━━━━━ MATERIAL FOR THIS TASK ━━━━━

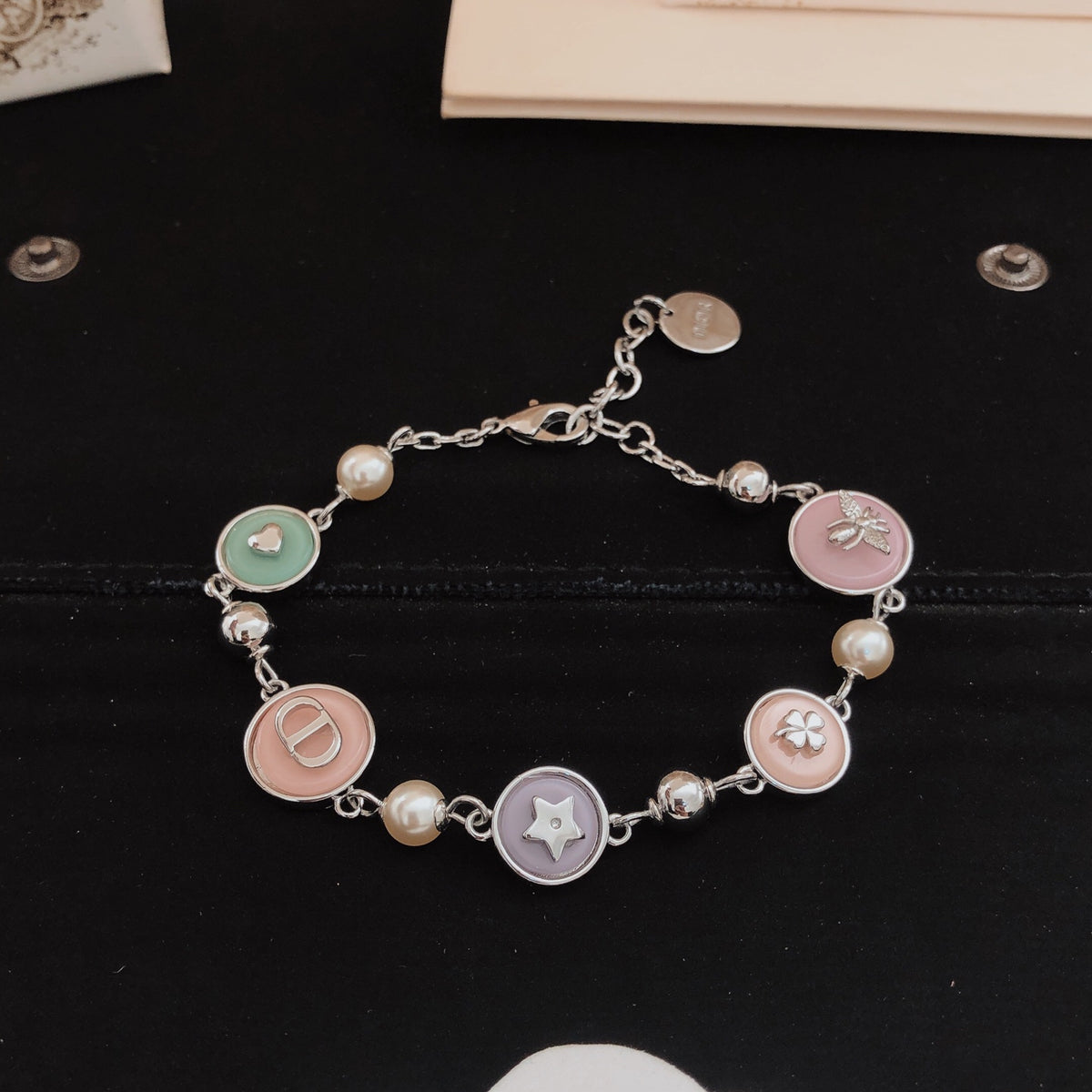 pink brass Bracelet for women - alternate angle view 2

━━━━━
━━━━━ MATERIAL FOR THIS TASK ━━━━━

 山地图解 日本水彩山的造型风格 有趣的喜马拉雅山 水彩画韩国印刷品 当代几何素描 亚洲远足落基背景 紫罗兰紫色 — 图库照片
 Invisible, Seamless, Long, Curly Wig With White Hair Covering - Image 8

━━━━━
━━━━━ MATERIAL FOR THIS TASK ━━━━━

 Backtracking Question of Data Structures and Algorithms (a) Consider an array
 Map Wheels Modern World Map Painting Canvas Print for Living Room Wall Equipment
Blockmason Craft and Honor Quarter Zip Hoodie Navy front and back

━━━━━

Starting at the line above that holds "Map Wheels Modern" and ending at the line that holds "Blockmason Craft and", transcribe each line exactly and include no other lines.

 Map Wheels Modern World Map Painting Canvas Print for Living Room Wall Equipment
Blockmason Craft and Honor Quarter Zip Hoodie Navy front and back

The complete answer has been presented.